The core functionality of maplib (mapping, querying, serialization) is open source, but SHACL and Datalog functionality are not. Please send us a message, e.g. on LinkedIn (search for Data Treehouse) or on email (magnus at data-treehouse.com) if you want to try out these features. See our roadmap for upcoming features.

Installing

The package is published on PyPi and the API documented here:

pip install maplib

Model

We can easily map DataFrames to RDF-graphs using the Python library. Below is a reproduction of the example in the paper [1]. Assume that we have a DataFrame given by:

import polars as pl
pl.Config.set_fmt_str_lengths(150)

pi = "https://github.com/DataTreehouse/maplib/pizza#"
df = pl.DataFrame({
    "p":[pi + "Hawaiian", pi + "Grandiosa"],
    "c":[pi + "CAN", pi + "NOR"],
    "ings": [[pi + "Pineapple", pi + "Ham"],
             [pi + "Pepper", pi + "Meat"]]
})
print(df)

That is, our DataFrame is:

p c ings
str str list[str]
"https://.../pizza#Hawaiian" "https://.../maplib/pizza#CAN" [".../pizza#Pineapple", ".../pizza#Ham"]
"https://.../pizza#Grandiosa" "https://.../maplib/pizza#NOR" [".../pizza#Pepper", ".../pizza#Meat"]

Then we can define a OTTR template, and create our knowledge graph by expanding this template with our DataFrame as input:

from maplib import Model, Prefix, Template, Argument, Parameter, Variable, RDFType, Triple, a
pi = Prefix(pi)

p_var = Variable("p")
c_var = Variable("c")
ings_var = Variable("ings")

template = Template(
    iri= pi.suf("PizzaTemplate"),
    parameters= [
        Parameter(variable=p_var, rdf_type=RDFType.IRI()),
        Parameter(variable=c_var, rdf_type=RDFType.IRI()),
        Parameter(variable=ings_var, rdf_type=RDFType.Nested(RDFType.IRI()))
    ],
    instances= [
        Triple(p_var, a, pi.suf("Pizza")),
        Triple(p_var, pi.suf("fromCountry"), c_var),
        Triple(
            p_var, 
            pi.suf("hasIngredient"), 
            Argument(term=ings_var, list_expand=True), 
            list_expander="cross")
    ]
)

m = Model()
m.map(template, df)
hpizzas = """
    PREFIX pi:<https://github.com/DataTreehouse/maplib/pizza#>
    CONSTRUCT { ?p a pi:HeterodoxPizza } 
    WHERE {
        ?p a pi:Pizza .
        ?p pi:hasIngredient pi:Pineapple .
    }"""
m.insert(hpizzas)
return m

We can immediately query the mapped knowledge graph:

m.query("""
PREFIX pi:<https://github.com/DataTreehouse/maplib/pizza#>
SELECT ?p ?i WHERE {
?p a pi:Pizza .
?p pi:hasIngredient ?i .
}
""")

The query gives the following result (a DataFrame):

p i
str str
"https://.../pizza#Grandiosa" "https://.../pizza#Meat"
"https://.../pizza#Grandiosa" "https://.../pizza#Pepper"
"https://.../pizza#Hawaiian" "https://.../pizza#Pineapple"
"https://.../pizza#Hawaiian" "https://.../pizza#Ham"
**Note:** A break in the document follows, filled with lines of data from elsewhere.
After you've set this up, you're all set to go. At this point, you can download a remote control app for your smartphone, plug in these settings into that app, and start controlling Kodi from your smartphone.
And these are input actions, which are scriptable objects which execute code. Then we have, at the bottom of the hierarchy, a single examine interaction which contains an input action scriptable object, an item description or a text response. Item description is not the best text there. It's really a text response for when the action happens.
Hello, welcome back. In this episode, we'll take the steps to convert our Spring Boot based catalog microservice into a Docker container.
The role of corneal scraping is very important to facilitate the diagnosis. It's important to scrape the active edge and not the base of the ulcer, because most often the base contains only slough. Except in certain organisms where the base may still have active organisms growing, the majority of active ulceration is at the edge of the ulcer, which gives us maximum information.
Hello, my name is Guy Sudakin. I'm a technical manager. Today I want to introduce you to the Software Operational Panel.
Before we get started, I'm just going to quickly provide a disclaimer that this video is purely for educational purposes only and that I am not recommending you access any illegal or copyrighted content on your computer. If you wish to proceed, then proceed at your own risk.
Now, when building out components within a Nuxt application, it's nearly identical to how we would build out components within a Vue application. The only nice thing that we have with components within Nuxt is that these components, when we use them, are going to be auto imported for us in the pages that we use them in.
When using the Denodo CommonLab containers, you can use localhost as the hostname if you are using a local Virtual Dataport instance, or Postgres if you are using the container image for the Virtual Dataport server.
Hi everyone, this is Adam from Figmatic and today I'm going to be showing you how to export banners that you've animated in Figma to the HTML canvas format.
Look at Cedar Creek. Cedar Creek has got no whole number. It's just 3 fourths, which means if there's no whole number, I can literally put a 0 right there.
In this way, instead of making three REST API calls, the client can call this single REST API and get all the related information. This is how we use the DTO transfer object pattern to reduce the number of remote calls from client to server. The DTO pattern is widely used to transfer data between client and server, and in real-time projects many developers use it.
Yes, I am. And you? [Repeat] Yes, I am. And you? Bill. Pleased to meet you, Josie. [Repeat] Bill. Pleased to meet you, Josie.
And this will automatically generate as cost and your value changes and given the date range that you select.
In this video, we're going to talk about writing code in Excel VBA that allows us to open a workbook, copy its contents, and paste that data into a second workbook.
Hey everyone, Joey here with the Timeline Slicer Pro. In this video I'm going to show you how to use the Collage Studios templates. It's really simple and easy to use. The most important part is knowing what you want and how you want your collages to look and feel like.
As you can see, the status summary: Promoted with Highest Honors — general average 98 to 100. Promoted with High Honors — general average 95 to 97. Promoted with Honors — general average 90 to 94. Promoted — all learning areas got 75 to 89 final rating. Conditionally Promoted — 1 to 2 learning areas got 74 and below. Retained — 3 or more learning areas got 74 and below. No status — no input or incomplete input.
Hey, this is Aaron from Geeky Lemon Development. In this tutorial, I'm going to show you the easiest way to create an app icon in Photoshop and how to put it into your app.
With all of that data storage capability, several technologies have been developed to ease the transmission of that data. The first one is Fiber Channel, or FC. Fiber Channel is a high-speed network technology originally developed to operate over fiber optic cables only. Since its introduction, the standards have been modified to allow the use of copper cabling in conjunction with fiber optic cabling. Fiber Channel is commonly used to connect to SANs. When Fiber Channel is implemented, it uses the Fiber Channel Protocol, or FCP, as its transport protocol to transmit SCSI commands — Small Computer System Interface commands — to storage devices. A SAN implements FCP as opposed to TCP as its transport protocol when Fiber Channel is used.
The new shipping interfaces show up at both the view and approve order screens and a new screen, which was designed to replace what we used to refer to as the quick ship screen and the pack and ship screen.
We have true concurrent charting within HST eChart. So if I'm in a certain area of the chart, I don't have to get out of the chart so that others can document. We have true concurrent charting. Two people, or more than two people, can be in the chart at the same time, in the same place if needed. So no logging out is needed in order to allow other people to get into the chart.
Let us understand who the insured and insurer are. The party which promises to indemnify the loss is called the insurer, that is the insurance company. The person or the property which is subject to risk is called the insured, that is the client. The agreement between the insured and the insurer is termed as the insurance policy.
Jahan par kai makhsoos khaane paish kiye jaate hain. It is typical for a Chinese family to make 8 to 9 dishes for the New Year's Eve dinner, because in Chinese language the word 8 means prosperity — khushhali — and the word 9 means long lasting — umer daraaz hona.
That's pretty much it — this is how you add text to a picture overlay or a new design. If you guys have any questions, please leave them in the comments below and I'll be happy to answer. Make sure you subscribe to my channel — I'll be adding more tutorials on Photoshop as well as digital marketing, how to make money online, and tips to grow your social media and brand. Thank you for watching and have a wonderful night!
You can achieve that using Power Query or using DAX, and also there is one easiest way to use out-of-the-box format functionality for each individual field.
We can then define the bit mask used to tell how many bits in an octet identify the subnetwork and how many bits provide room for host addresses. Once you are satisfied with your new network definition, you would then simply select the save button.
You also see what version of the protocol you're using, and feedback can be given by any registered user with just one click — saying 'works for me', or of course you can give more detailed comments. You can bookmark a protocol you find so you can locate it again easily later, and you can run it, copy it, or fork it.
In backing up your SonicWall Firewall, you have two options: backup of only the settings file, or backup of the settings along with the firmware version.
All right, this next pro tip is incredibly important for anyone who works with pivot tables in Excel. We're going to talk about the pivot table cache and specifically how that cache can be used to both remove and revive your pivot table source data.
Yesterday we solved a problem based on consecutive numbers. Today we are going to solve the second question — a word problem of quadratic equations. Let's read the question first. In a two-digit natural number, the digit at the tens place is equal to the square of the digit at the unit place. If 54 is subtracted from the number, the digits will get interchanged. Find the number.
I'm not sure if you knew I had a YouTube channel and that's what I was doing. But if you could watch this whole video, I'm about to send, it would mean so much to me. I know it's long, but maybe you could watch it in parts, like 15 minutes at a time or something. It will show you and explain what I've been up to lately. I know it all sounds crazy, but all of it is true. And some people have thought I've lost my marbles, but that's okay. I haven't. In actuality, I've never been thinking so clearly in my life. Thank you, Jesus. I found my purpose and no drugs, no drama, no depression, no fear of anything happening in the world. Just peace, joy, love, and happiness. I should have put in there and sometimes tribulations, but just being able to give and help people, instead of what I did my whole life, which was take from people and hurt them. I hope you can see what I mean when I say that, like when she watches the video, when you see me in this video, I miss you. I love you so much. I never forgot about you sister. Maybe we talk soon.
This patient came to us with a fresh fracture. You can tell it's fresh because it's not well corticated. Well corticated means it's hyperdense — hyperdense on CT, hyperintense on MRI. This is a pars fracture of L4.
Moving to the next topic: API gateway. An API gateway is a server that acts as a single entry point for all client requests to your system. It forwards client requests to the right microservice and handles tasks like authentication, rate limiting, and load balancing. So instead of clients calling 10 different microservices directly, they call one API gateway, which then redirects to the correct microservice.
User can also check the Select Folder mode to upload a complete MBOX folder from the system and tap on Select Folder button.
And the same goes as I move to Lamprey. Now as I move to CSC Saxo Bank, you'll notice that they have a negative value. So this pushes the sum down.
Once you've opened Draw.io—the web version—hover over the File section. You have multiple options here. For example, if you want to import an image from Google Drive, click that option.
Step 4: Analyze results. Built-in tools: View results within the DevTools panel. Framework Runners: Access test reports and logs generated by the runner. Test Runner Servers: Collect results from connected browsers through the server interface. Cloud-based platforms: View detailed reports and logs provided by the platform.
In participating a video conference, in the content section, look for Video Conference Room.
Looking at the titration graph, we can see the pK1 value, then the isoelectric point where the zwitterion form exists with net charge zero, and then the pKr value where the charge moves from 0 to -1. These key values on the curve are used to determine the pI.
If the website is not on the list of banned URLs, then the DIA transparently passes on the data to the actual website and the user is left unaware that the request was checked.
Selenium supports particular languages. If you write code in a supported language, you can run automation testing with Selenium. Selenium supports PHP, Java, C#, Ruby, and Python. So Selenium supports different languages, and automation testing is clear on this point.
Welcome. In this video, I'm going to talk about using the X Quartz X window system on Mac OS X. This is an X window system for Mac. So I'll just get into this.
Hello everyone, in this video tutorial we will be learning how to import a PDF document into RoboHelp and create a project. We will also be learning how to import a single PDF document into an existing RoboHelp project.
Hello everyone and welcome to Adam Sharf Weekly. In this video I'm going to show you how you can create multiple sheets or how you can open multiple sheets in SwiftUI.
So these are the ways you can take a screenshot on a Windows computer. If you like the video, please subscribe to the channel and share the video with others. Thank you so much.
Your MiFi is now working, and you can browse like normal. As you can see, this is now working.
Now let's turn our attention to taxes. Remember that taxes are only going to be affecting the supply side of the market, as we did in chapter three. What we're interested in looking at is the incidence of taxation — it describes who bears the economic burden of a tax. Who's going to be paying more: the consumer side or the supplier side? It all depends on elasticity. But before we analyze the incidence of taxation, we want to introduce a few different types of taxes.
Next, we are able to perform a construct query, which creates new triples but does not insert them.

hpizzas = """
PREFIX pi:<https://github.com/DataTreehouse/maplib/pizza#>
CONSTRUCT { ?p a pi:UnorthodoxPizza } 
WHERE {
    ?p a pi:Pizza .
    ?p pi:hasIngredient pi:Pineapple .
}"""
res = m.query(hpizzas)
res[0]

The resulting triples are given below:

subject verb object
str str str
"https://.../pizza#Hawaiian" "http://.../22-rdf-syntax-ns#type" "https://.../pizza#UnorthodoxPizza"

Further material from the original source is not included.